Problem details: Send back every line of the data exactly.

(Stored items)

--- START ---

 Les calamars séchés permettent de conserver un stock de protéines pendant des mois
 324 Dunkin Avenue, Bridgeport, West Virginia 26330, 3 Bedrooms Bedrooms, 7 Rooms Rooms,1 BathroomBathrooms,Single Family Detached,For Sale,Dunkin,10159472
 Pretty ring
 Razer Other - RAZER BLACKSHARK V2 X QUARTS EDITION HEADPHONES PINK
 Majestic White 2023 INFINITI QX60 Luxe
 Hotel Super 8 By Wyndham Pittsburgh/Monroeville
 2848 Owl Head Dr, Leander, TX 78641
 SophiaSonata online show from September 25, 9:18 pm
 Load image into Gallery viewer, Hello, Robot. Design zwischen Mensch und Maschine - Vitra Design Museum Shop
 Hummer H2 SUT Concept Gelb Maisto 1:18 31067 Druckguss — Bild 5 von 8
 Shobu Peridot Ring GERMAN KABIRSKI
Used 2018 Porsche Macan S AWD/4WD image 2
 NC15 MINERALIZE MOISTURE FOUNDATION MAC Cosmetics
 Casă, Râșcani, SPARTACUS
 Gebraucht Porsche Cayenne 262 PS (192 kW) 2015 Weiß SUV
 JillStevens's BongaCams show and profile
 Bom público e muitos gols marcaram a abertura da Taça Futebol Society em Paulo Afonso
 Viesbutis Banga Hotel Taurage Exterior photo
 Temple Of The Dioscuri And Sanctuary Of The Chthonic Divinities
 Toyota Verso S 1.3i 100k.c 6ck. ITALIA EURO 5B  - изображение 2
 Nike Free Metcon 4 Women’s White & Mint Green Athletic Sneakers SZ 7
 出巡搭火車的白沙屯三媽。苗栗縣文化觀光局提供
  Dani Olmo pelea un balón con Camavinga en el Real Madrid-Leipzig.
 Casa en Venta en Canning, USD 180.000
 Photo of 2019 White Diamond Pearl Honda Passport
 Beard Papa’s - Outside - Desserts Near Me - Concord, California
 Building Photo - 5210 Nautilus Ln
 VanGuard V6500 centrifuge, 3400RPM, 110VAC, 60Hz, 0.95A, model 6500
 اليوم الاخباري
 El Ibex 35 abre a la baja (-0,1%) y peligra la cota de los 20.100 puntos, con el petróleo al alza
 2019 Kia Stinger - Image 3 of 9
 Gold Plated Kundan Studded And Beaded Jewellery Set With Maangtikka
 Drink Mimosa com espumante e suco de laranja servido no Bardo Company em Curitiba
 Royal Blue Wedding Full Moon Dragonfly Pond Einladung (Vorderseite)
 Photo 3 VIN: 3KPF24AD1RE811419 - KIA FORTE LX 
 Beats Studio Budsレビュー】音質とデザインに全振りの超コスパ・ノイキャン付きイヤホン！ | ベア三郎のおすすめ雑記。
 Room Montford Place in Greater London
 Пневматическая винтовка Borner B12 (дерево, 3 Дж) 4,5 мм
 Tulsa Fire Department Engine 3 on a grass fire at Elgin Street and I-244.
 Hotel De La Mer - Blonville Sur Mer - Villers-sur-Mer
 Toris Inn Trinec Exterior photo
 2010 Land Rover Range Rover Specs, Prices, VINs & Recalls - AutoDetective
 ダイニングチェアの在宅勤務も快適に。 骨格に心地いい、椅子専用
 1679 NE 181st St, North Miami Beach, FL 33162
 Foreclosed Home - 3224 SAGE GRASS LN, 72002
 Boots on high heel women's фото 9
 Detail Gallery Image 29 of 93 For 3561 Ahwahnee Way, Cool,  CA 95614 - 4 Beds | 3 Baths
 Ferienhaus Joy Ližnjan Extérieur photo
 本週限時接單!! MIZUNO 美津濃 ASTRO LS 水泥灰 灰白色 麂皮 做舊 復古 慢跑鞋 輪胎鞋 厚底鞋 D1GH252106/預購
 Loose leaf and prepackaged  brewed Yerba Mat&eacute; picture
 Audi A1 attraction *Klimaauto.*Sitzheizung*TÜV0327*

--- END ---

Task output:
 Les calamars séchés permettent de conserver un stock de protéines pendant des mois
 324 Dunkin Avenue, Bridgeport, West Virginia 26330, 3 Bedrooms Bedrooms, 7 Rooms Rooms,1 BathroomBathrooms,Single Family Detached,For Sale,Dunkin,10159472
 Pretty ring
 Razer Other - RAZER BLACKSHARK V2 X QUARTS EDITION HEADPHONES PINK
 Majestic White 2023 INFINITI QX60 Luxe
 Hotel Super 8 By Wyndham Pittsburgh/Monroeville
 2848 Owl Head Dr, Leander, TX 78641
 SophiaSonata online show from September 25, 9:18 pm
 Load image into Gallery viewer, Hello, Robot. Design zwischen Mensch und Maschine - Vitra Design Museum Shop
 Hummer H2 SUT Concept Gelb Maisto 1:18 31067 Druckguss — Bild 5 von 8
 Shobu Peridot Ring GERMAN KABIRSKI
Used 2018 Porsche Macan S AWD/4WD image 2
 NC15 MINERALIZE MOISTURE FOUNDATION MAC Cosmetics
 Casă, Râșcani, SPARTACUS
 Gebraucht Porsche Cayenne 262 PS (192 kW) 2015 Weiß SUV
 JillStevens's BongaCams show and profile
 Bom público e muitos gols marcaram a abertura da Taça Futebol Society em Paulo Afonso
 Viesbutis Banga Hotel Taurage Exterior photo
 Temple Of The Dioscuri And Sanctuary Of The Chthonic Divinities
 Toyota Verso S 1.3i 100k.c 6ck. ITALIA EURO 5B  - изображение 2
 Nike Free Metcon 4 Women’s White & Mint Green Athletic Sneakers SZ 7
 出巡搭火車的白沙屯三媽。苗栗縣文化觀光局提供
  Dani Olmo pelea un balón con Camavinga en el Real Madrid-Leipzig.
 Casa en Venta en Canning, USD 180.000
 Photo of 2019 White Diamond Pearl Honda Passport
 Beard Papa’s - Outside - Desserts Near Me - Concord, California
 Building Photo - 5210 Nautilus Ln
 VanGuard V6500 centrifuge, 3400RPM, 110VAC, 60Hz, 0.95A, model 6500
 اليوم الاخباري
 El Ibex 35 abre a la baja (-0,1%) y peligra la cota de los 20.100 puntos, con el petróleo al alza
 2019 Kia Stinger - Image 3 of 9
 Gold Plated Kundan Studded And Beaded Jewellery Set With Maangtikka
 Drink Mimosa com espumante e suco de laranja servido no Bardo Company em Curitiba
 Royal Blue Wedding Full Moon Dragonfly Pond Einladung (Vorderseite)
 Photo 3 VIN: 3KPF24AD1RE811419 - KIA FORTE LX 
 Beats Studio Budsレビュー】音質とデザインに全振りの超コスパ・ノイキャン付きイヤホン！ | ベア三郎のおすすめ雑記。
 Room Montford Place in Greater London
 Пневматическая винтовка Borner B12 (дерево, 3 Дж) 4,5 мм
 Tulsa Fire Department Engine 3 on a grass fire at Elgin Street and I-244.
 Hotel De La Mer - Blonville Sur Mer - Villers-sur-Mer
 Toris Inn Trinec Exterior photo
 2010 Land Rover Range Rover Specs, Prices, VINs & Recalls - AutoDetective
 ダイニングチェアの在宅勤務も快適に。 骨格に心地いい、椅子専用
 1679 NE 181st St, North Miami Beach, FL 33162
 Foreclosed Home - 3224 SAGE GRASS LN, 72002
 Boots on high heel women's фото 9
 Detail Gallery Image 29 of 93 For 3561 Ahwahnee Way, Cool,  CA 95614 - 4 Beds | 3 Baths
 Ferienhaus Joy Ližnjan Extérieur photo
 本週限時接單!! MIZUNO 美津濃 ASTRO LS 水泥灰 灰白色 麂皮 做舊 復古 慢跑鞋 輪胎鞋 厚底鞋 D1GH252106/預購
 Loose leaf and prepackaged  brewed Yerba Mat&eacute; picture
 Audi A1 attraction *Klimaauto.*Sitzheizung*TÜV0327*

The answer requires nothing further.